FinTechs, particularly larger ones with more sophisticated requirements, are “underserved” by their current banking partners, according to new research from ClearBank.
The report found that a third of FinTechs have faced regulatory intervention due to agency banking resiliency failures.
The study, which surveyed 100 FinTechs across the top five leading FinTech markets in Europe – Lithuania, the Netherlands, Sweden, Switzerland, and the UK – also revealed that one in 20 FinTechs have suffered a service outage caused by their partner bank.
A further 15 per cent of FinTechs had their new product launches delayed by agency banks, while 48 per cent of FinTechs said they don’t think they receive Banking-as-a-Service.
Although over half of FinTechs see banks as mission-critical partners which help them maintain regulatory compliance, as well as unlock new revenues and reduce operational expenditure, a further 49 per cent said they don’t believe their agency bank has helped their business.
A quarter of FinTechs are not satisfied with their agency banking services especially access to payment rails like CHAPS (38 per cent) and operating accounts (35 per cent).
The report findings show that many FinTechs think their bank is more focused on offering loans and debt products than on facilitating payments and helping them manage their accounts.
The research also demonstrates that the bigger the FinTech becomes, the less well served it is.
While 71 per cent of larger FinTechs use a traditional High Street bank for agency banking services, many surveyed said they were missing out on important elements of agency banking.
50 per cent of larger FinTech respondents said they don’t have reconciliations logged in real-time, just 30 per cent are offered access to real-time payments, 66 per cent require at least two to three days to open a customer account, and 42 per cent are ‘indifferent’ about their agency banking partners.
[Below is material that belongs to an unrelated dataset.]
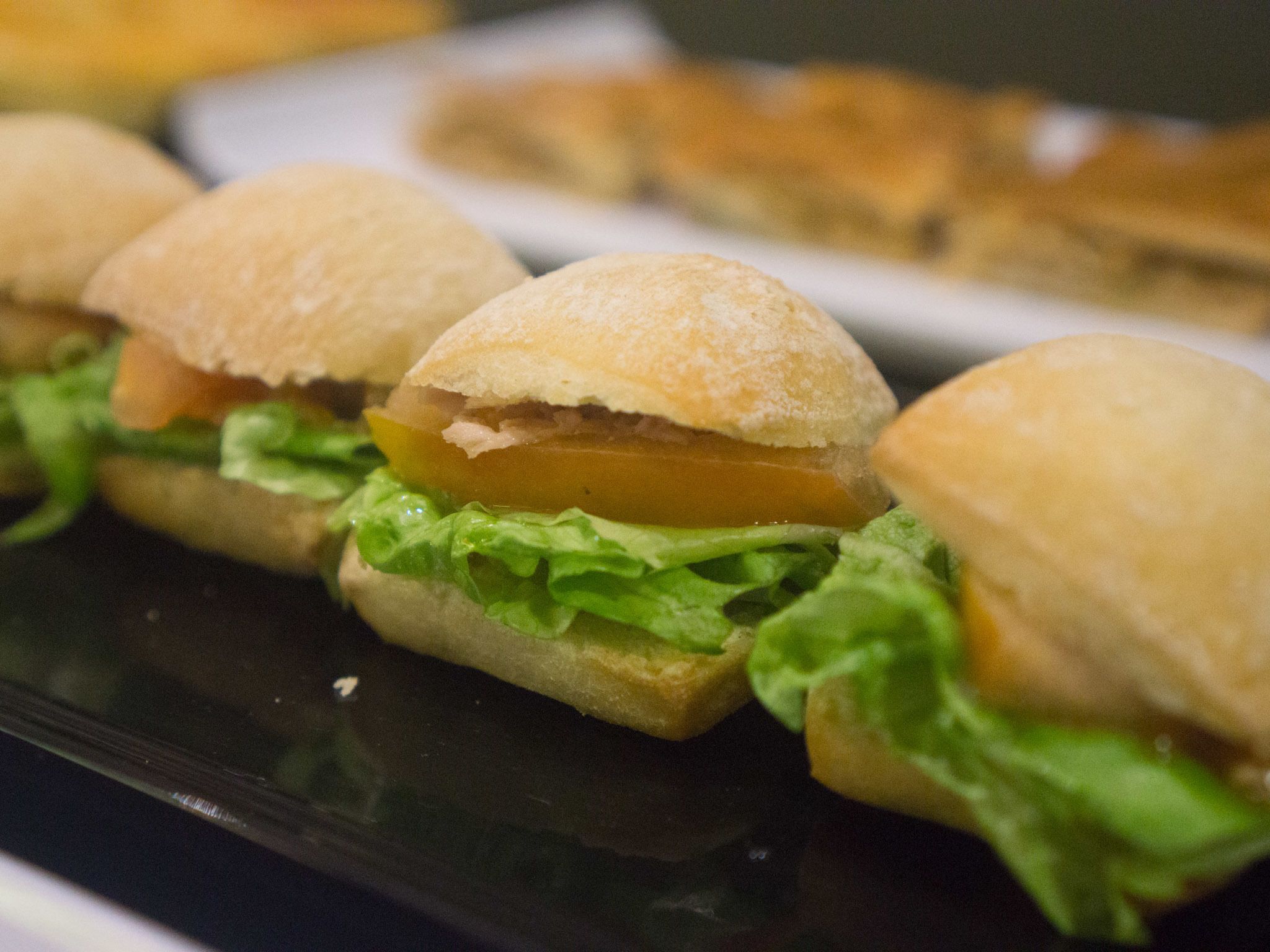 A row of sandwiches with lettuce and a slice of tomato on a black tray.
Many FinTechs want more from their partner bank, but they are often hesitant to switch. 44 per cent of FinTechs stay with their agency bank because “switching looks painful.”
“Every FinTech needs to work with an agency banking partner and the nature of this relationship is coming to define our industry,” said Charles McManus, chief executive, ClearBank. “These partnerships are critical, yet as they stand agency banks have not been meeting the needs of FinTechs. Firms are losing out. There is also a reputational impact and the potential for hefty fines as operational resilience becomes an increasingly bigger priority. Providers need to do better and unless things change, the FinTech sector will not reach its full potential.”